Родольф. На задвижку.

Госпожа де М***.Нет, нет, не надо; оставьте меня, или мы навеки расстанемся.

Родольф. Не заставляйте же меня взять силой то, что мне так сладостно получить в дар.

Госпожа де М***.Родольф, что вы делаете? ах! ох!

(Вопрос поистине неуместный, и подобные вопросы задают только женщины. Разумеется, никто на свете не знал лучше г-жи де М***, что делает Родольф, и непостижимо, зачем она об этом спрашивала. Родольф не ответил и поступил правильно).

Госпожа де М***.Что вы теперь будете обо мне думать?

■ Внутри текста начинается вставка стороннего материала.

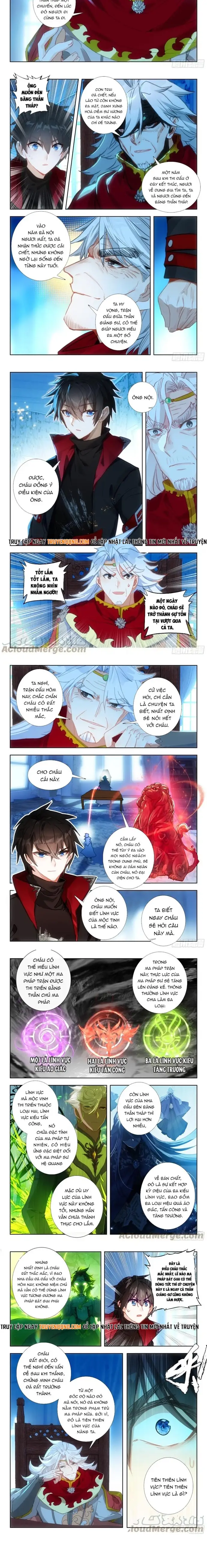 Băng Hỏa Ma Trù Chap 185 - Next Chap 184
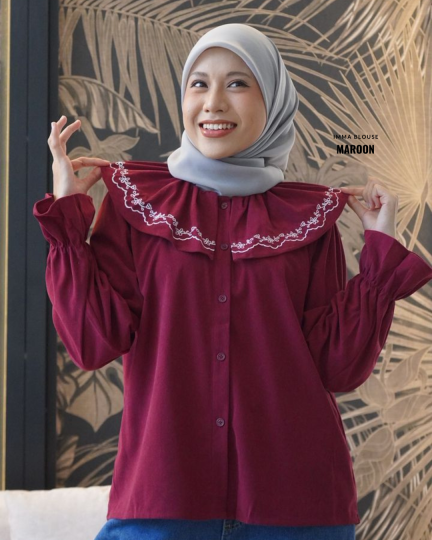 IMMA BLOUSE FS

О, я умру от стыда!

Родольф. Душечка, что я должен, по-вашему, думать? Да только то, что вы сама прелесть и нет в мире женщины обворожительнее.

Госпожа де М***.Ты меня губишь, мой ангел, но я люблю тебя! Боже мой! Боже мой! Кто бы мог сказать, что так будет!

Тут г-жа де М*** склонила головку и припала лицом к плечу Родольфа. Такая поза обычна для женщин при подобных обстоятельствах; ее принимает и гризетка, и светская дама. Для чего? Чтобы поплакать или посмеяться? Я склонен думать — посмеяться. Кроме того, при такой позе вырисовываются шея и плечи, выделяются изящные округлые линии, — пожалуй, тут-то и кроется истинная причина того, что женщины принимают эту позу так часто.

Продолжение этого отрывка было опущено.